WHAT THIS TASK INVOLVES:
Once you reach the line containing "And to your" in the data below, restate each line word for word up to and including the one containing "Hi everyone. In".

SUPPLIED RECORDS:
####################
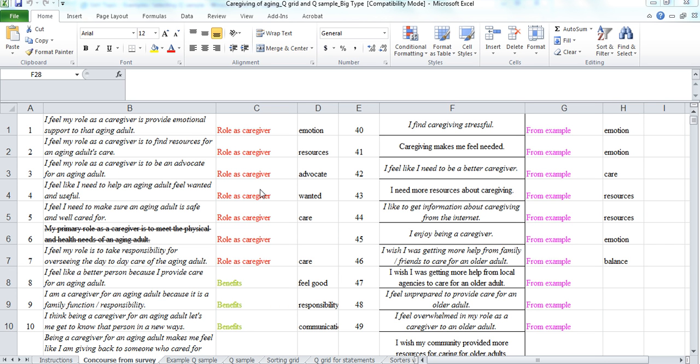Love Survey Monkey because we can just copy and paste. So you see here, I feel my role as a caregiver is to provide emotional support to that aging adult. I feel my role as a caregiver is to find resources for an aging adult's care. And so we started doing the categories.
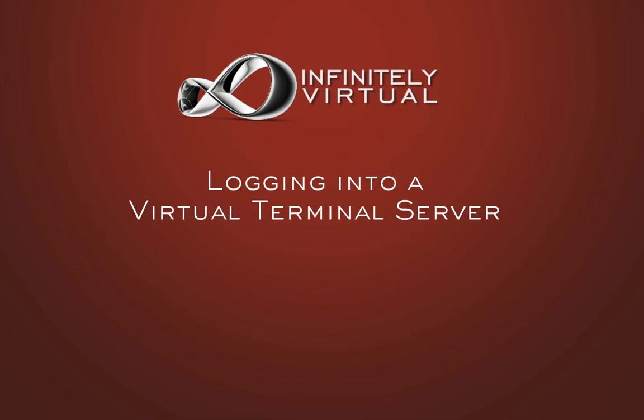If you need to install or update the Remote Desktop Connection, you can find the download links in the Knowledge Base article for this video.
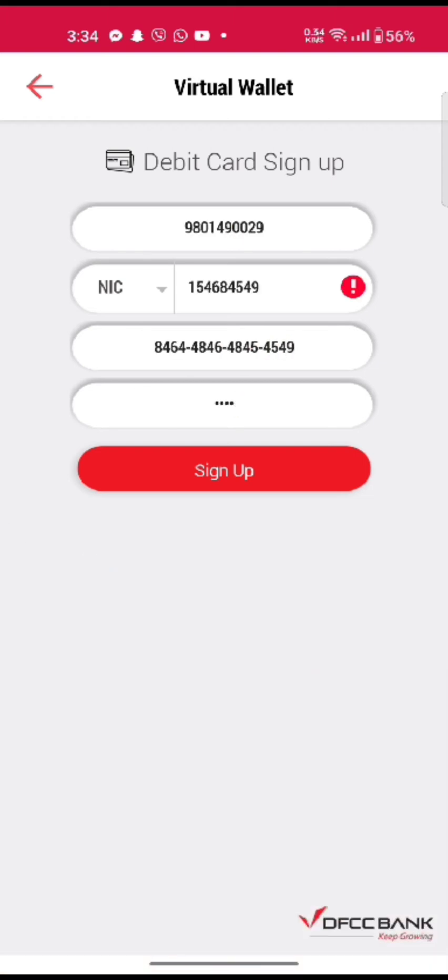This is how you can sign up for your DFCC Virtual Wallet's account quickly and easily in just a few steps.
####################
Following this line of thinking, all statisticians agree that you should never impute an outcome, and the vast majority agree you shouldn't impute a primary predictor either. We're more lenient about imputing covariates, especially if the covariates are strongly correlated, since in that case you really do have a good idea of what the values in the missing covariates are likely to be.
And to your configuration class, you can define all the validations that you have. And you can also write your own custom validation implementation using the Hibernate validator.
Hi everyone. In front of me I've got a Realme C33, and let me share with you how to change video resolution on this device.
####################
OUTPUT:
And to your configuration class, you can define all the validations that you have. And you can also write your own custom validation implementation using the Hibernate validator.
Hi everyone. In front of me I've got a Realme C33, and let me share with you how to change video resolution on this device.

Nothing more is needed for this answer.